◆ **Problem requirements**: Transcribe exactly the line with "Toyota Yaris 20 of 20" and each line that follows it in the listing, down to the last, omitting all pictures.

◆ **Supplied information**:
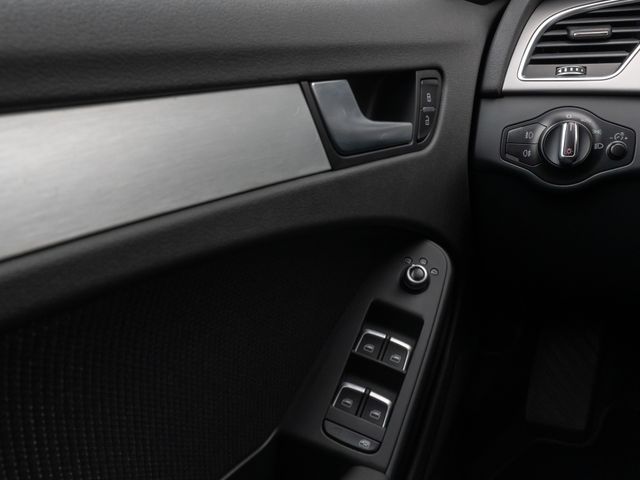 Foto Nummer 31: AUDI A4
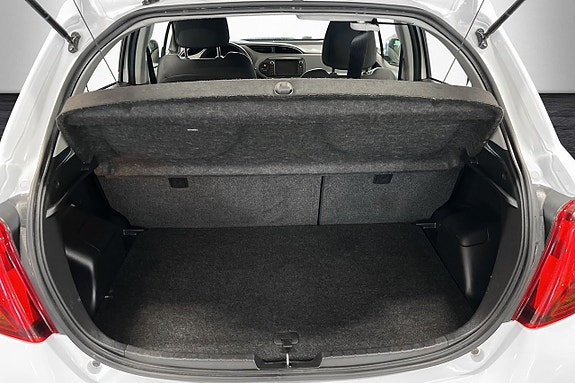 Toyota Yaris 20 of 20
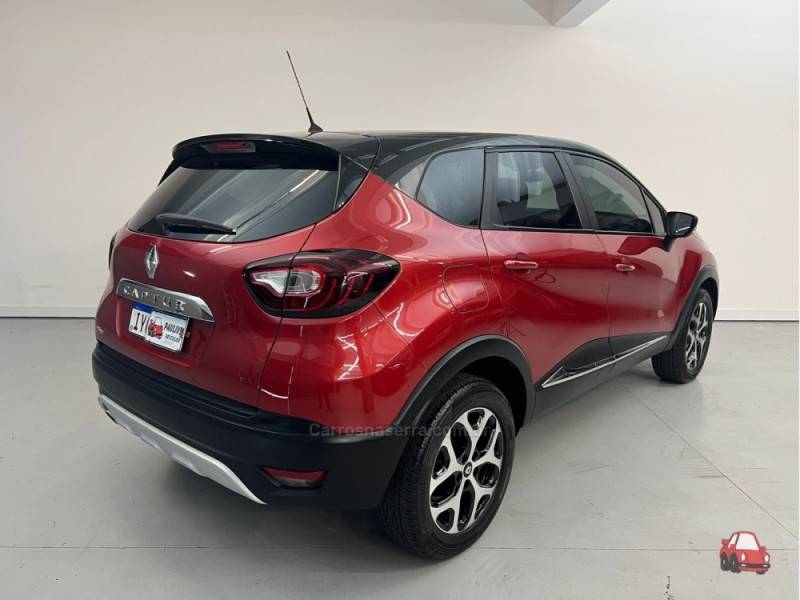 RENAULT - CAPTUR - 2019/2019 - Vermelha - R$ 73.900,00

◆ **Answer for the task**:
 Toyota Yaris 20 of 20
 RENAULT - CAPTUR - 2019/2019 - Vermelha - R$ 73.900,00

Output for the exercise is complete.